→ **Exercise**:
For the data below, transcribe the part that opens with the line containing "First, you want" and closes with the line containing "According to your", exactly and with no pictures.

→ **Supplied information**:
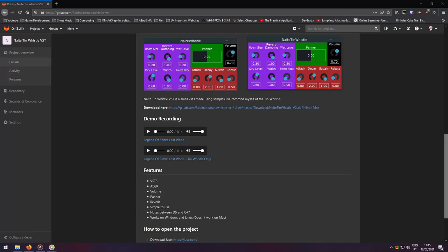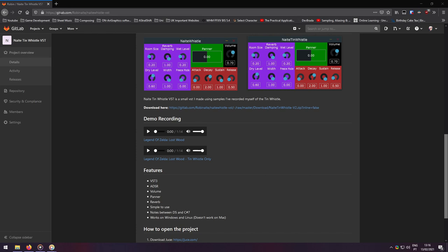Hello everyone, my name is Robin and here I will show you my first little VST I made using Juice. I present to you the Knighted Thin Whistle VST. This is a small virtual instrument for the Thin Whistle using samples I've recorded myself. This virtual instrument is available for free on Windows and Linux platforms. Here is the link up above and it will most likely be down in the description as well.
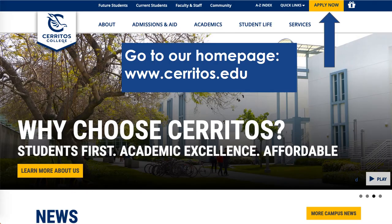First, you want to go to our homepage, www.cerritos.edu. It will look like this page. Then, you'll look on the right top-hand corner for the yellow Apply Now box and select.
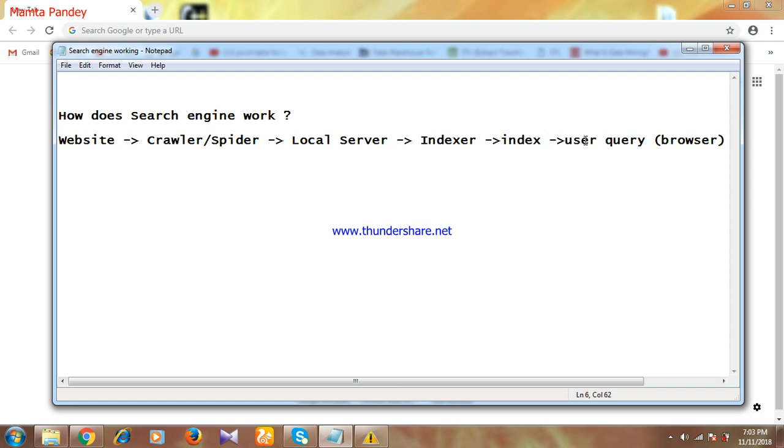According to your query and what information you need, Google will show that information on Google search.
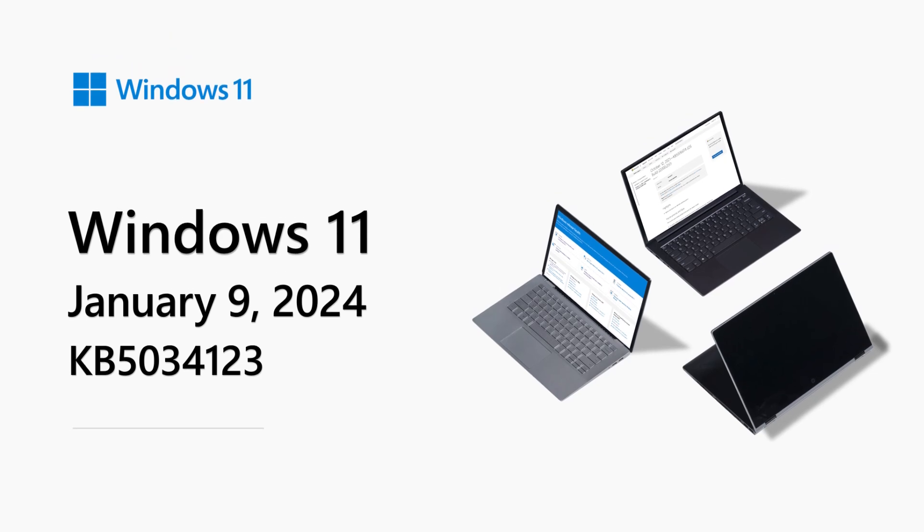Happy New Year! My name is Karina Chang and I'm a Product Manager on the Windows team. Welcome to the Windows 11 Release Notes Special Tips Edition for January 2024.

→ **Task answer**:
First, you want to go to our homepage, www.cerritos.edu. It will look like this page. Then, you'll look on the right top-hand corner for the yellow Apply Now box and select.
According to your query and what information you need, Google will show that information on Google search.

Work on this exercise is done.